Et jaillit le désaccord politique

Malgré une vaste campagne pour le Non et l’abstention de certains partis, le Oui, après avis favorable du Conseil Constitutionnel avant la consultation électorale,  s’imposa le 20 Mars avec un faible pourcentage. Le  mandat présidentiel passe alors de 5 ans à 7 ans et naquit Haut Conseil des Collectivités territoriales, le HCCT. L’Opposition se montre alors féroce contre Macky Sall qui, à son tour, se montre atroce.

D’habitude indifférent aux attaques politiques, il hausse le ton surtout entre Mars, Avril et Mai contre l’Opposition : « Je fais mieux qu’eux. Ils n’oseront jamais parler de mon bilan !(…) je dirige un Sénégal où il n’y a plus de place à la prédation des finances publiques, le Sénégal où il n’y a plus de place à l’impunité. (…). Avant que je n’accède au pouvoir c’était l’anarchie avec ses gens. Cela est révolu ».

L’Opposition demeure silencieuse. Seul le Mouvement Y ‘en à Marre réagit par la voix de Fadel Barro en invitant tous les partis de la Société civile et cette veule Opposition « à voter Non en constituant une grande force de refus. »

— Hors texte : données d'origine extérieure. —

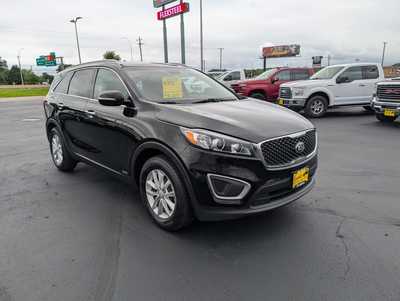 2016 Kia Sorento, $7998. Photo 2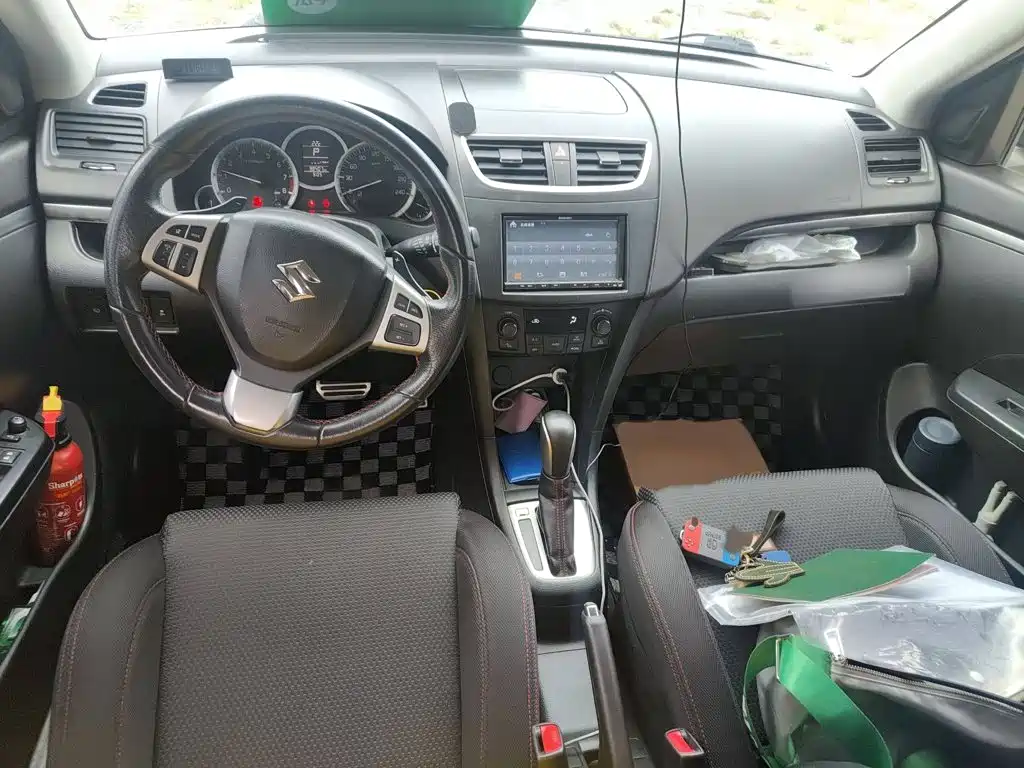 Suzuki Swift 2015 — фото 13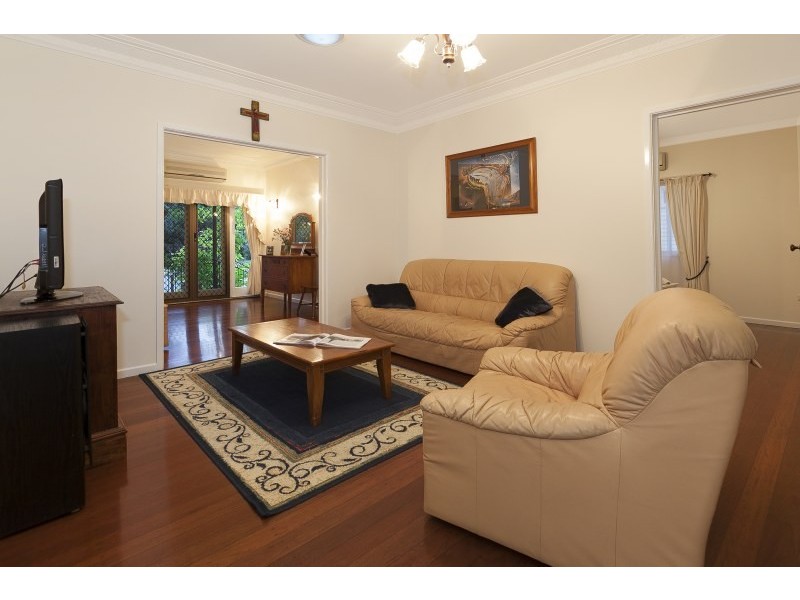 34 Willmington Street, Newmarket QLD 4051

Pourtant, après la forte tempête politique avant et après le référendum du 20 Mars 2016, Macky Sall engage un Dialogue national le 28 Mai. Mais les divergences et les désaccords persistent. Néanmoins, Chefs religieux, membres de la Société civile, du secteur privé et même des partis l’Opposition y prennent part sauf la CD /Bokk Gis Gis de Pape Diop, Rewmi de Idrissa Seck et le Gp de Malick Gackou. Le Dialogue national dura 8 tours d’horloge mais le Comité de Suivi du Dialogue national inscrit sa mission aux calendes grecques.

2016 finit alors par être une année d’hostilités entre le Pouvoir et l’Opposition. Sur aucun point, une entente n’a été décrochée. Les attaques se multipliant, les désaccords s’amplifiant, sa famille attaquée, l’APR vilipendée, Macky Sall rugit  en Juillet 2016: « On ne réveille pas un Lion qui dort ! »

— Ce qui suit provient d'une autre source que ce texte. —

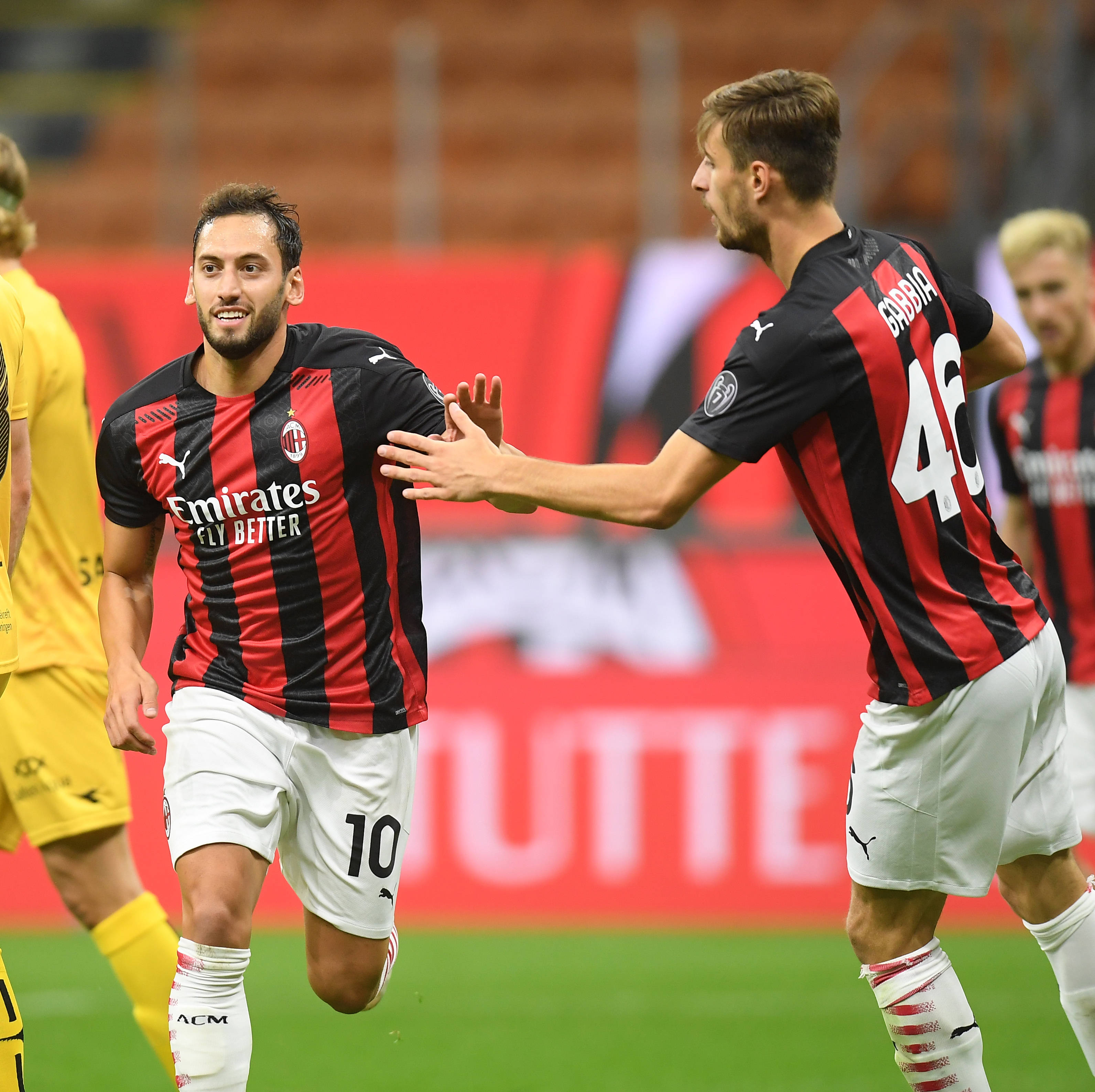 助罗马升至意甲榜首，斯维拉尔达成罗马生涯100场里程碑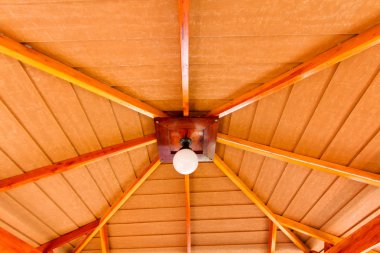 ahşap tavan lambası 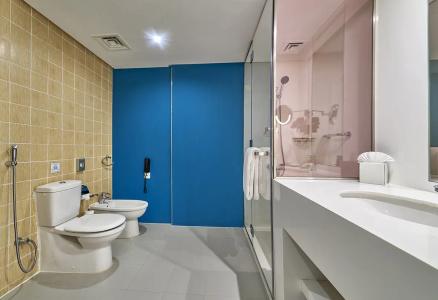 Ramada & Suites by Wyndham Dubai JBR - 130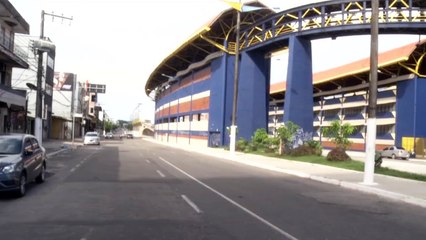 b'Perigo: Parada de nibus pode desabar  '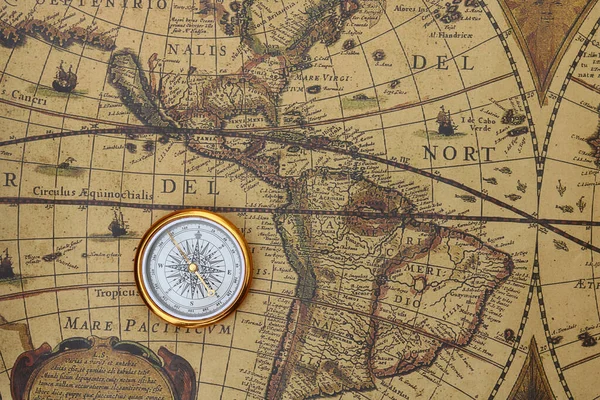 Klassisk Rund Kompass Bakgrund Gamla Vintage Karta Över Världen Som — Stockfoto
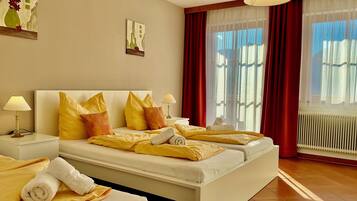 3 chambres, coffres-forts dans les chambres, fer et planche Ă repasser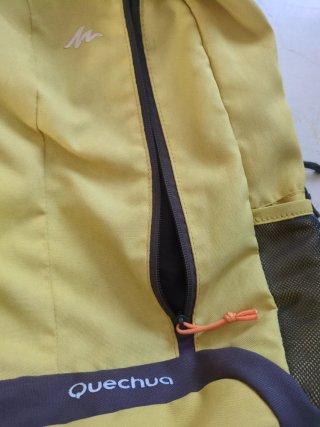 Mochila 20l quechua arenaz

Cette menace d’un félin qui aiguise ses crocs trouvent des répliques mortelles comme celle d’Ousmane Sonko, récemment engagé dans l’arène politique et qui a bien laissé une empreinte dans l’année 2016 : «  Un Lion qui dort est le symbole d’un ventre bien rempli, du manque d’agressivité et de paresse ». Cette riposte, à la fois hilarante et blessante eut pour conséquence sa révocation de la Fonction publique, suite à une procédure disciplinaire.

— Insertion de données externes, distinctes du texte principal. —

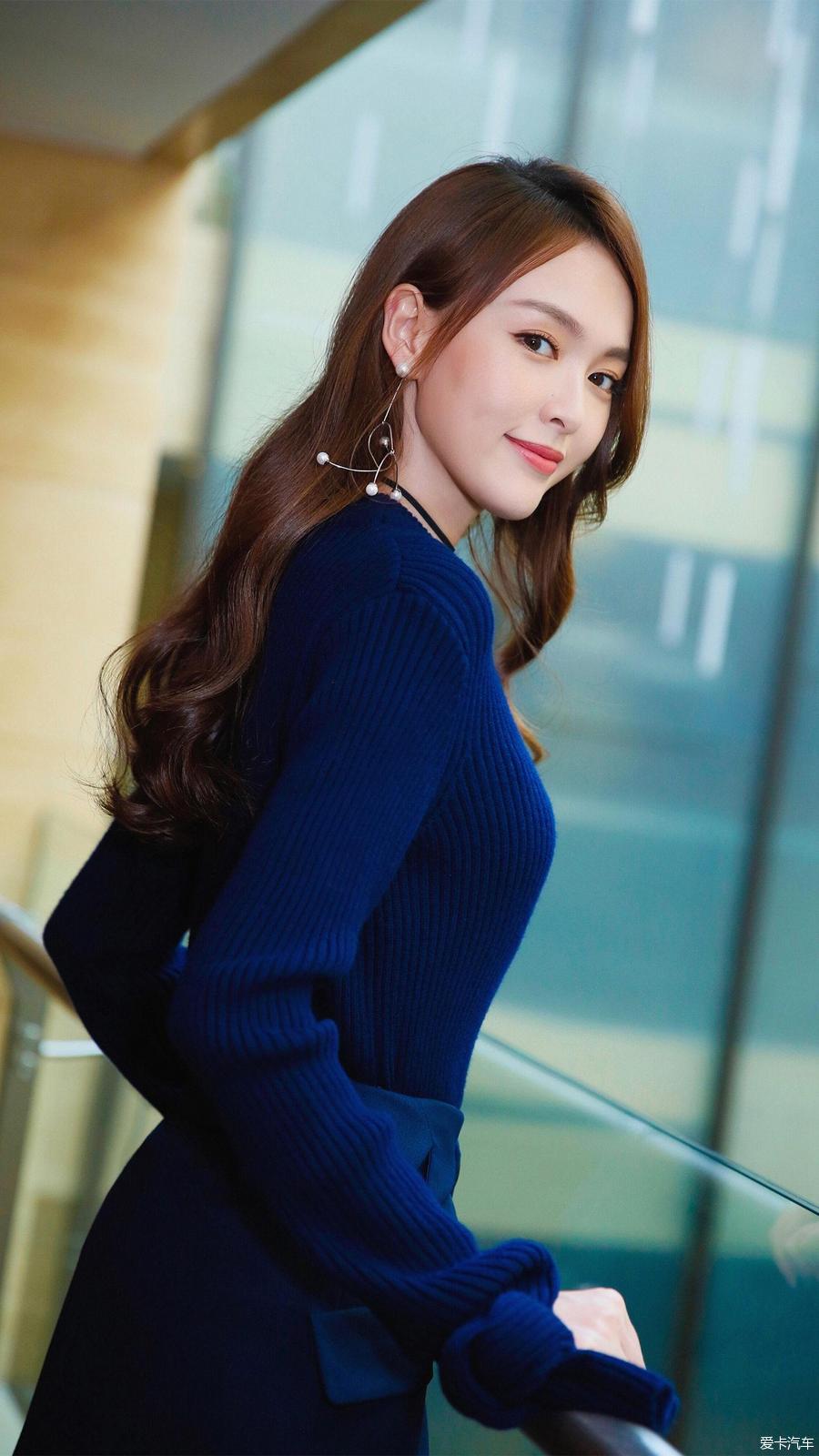 手机屏保中的高清美女图哪个好看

Ces faits majeurs rendent bien compte de la tension politique qui a  marqué l’année 2016 entre un Pouvoir qui tient à l’exercice de son autorité, de ses droits et devoirs et au renforcement de sa force politique qui le tient et une Opposition qui ne fléchit pas et ne rompt pas malgré des coalitions constituées qui unissent des partis d’opposition que rien n’allie.

Explosion et Implosion des Alliances politiques

en 2016, le jeu politique a fait tomber des masques autant du côté du pouvoir que de celui de l’Opposition. L’écrasante majorité s’est fait embarquer dans des Coalitions de circonstance pour avoir une visibilité.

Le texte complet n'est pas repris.